Не взяв на себя полной меры ответственности за всё, что случилось с Россией под игом большевизма, демократии никогда не обрести права и силы на его действительное внутреннее преодоление. Идти нераскаянным к делу воссоздания России никто не имеет права, и меньше всего, конечно, демократия, ощущающая себя сердцем России. Ощущение себя сердцем не смеет не обременять и не обязывать. Страшных вещей натворила Россия сама над собою, и где же, как не в своём сердце, ощущать ей боль всего случившегося и раскаяние в своих грехах.
Обыватели, ренегаты, покаянники — неужели же, однако, в них дело, неужели же они те враги демократии, с которыми ей придётся встретиться в той жестокой борьбе, которую ей, очевидно, готовит судьба? Не ясно ли, что если бы дело было только в перечисленных нами врагах, то успех демократического дела был бы вполне обеспечен? Обыватель — явно не воин, потому что он лежачий камень, под который и вода не течёт. Ренегат — тоже воин слабый: своего дела он ведь активно никогда не творит, всегда только чужой успех плющом обвивает. Несильный воин и «кающийся дворянин» революции — слишком он внутренне раздвоен и ослаблен сомнениями пережитого им опыта.
Возражения эти на первый взгляд вполне верны. И всё же — и бездеятельный обыватель, и подделывающийся ренегат, и разделывающийся со своим прошлым покаянник в своих пределах — явления для демократии очень страшные. Предельный обыватель — черносотенный персонаж; предельный ренегат — оборотень; предельный покаянник — идеолог. Присмотримся же несколько ближе к этим трёх формам.
Как существо пассивное и аполитическое обыватель демократии хотя и враг, но против неё всё же не воин. Таково правило. Но так как нет правил без исключения, то есть и активно воюющий против демократии обыватель.
Этот активно воюющий против демократии обыватель не что иное, как черносотенный персонаж. Сущность всякого обывателя в том, что духовное начало почти совсем безвластно над его душой, что его душа почти целиком производное своей среды и обстоятельств. В черносотенном персонаже это грешное засилье души вещественной обстановкой доведено до максимальных пределов. Быть может, черносотенный персонаж вообще не человек, а всего только вещь в образе человека. По крайней мере, черта, отличающая черносотенца от человека, та же, что и черта, отличающая человека от вещи как таковой — возможность длительного переживания своей эпохи.
Каждую старинную вещь мы ценим прежде всего эстетически; говорим об её стильности и характеристической выразительности. Но к этой оценке часто подмешивается звук той особенной, грустной, нежной любви, которая так легко врывается в наши души, когда их касается веяние прошлого.
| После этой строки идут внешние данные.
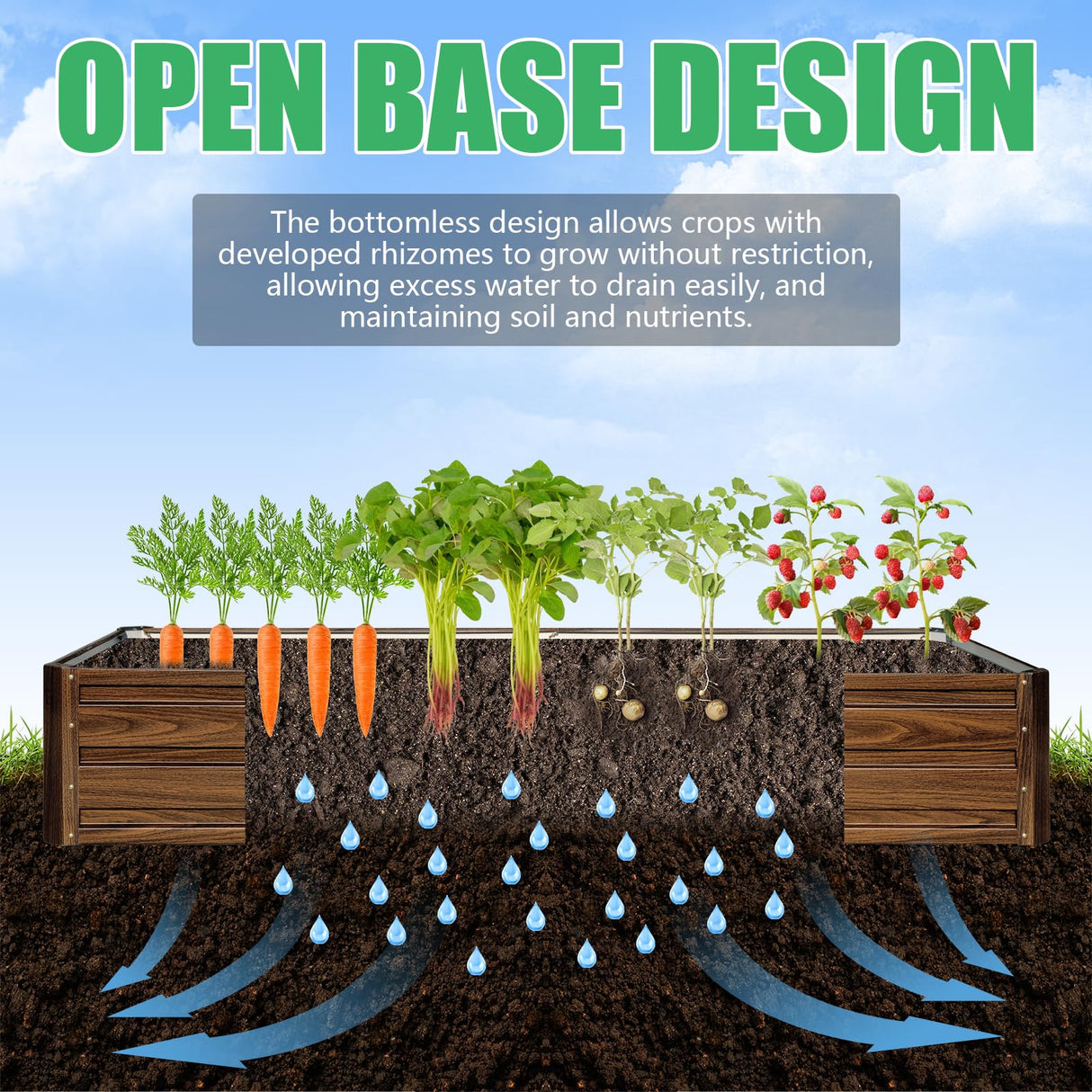 SnugNiture Galvanized Raised Garden Bed 6x3x1FT Outdoor Large Metal Planter Box Steel Kit for Planting Vegetables, Flowers SnugNiture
Я очень хорошо понимаю, что прошлое прошлому рознь, что дворянская фуражка белогвардейско-беловежского зубра совсем не бабушкин альбом и что виртуозный, генеральский, хрипло-багровый разнос — совсем не клавесины или куранты; и всё же не могу не сознаться, что вполне понимаю возможность какого-то почти лирического пристрастия к представителям черносотенного персонажа.
Запотевший графин водки, угарная баня в крапиве, арапник над блошливым диваном, весенняя навозная жижа, чавкающая меж пальцами высоко подоткнутой дворовой девки, крепкий настой сногсшибательной ругани, зуботычина мужику и десятилетиями не проветривавшиеся залежи верноподданнических чувств в подвалах неуёмных утроб — всё это гоголевское письмо русской жизни не может не представлять для многих из нас в том своеобразном порядке души, что определяется пословицей «не по хорошу мил, а по милу хорош», своеобразного очарования. Как ни старайся, из всей композиции отошедшей монархической России, такой заметной и сочной дня глаз вещи, как настоящий черносотенный персонаж, без сожаления не выкинешь.
Что все такие размышления должны на людей строгого моралистического и общественно-политического склада производить крайне неприятное впечатление какого-то почти цинического эстетизма, я очень хорошо и живо себе представляю. Спорить против таких ощущений дело, однако, вполне безнадёжное.
Морализм — одна из наиболее распространённых форм ограниченности нравственного дарования, и против него, как против всякой бездарности, ничего не поделаешь. Но одно дело спорить против ощущений моралистов, и совсем другое — разрешать проблему морализма как таковую перед лицом общечеловеческой логики и своей совести.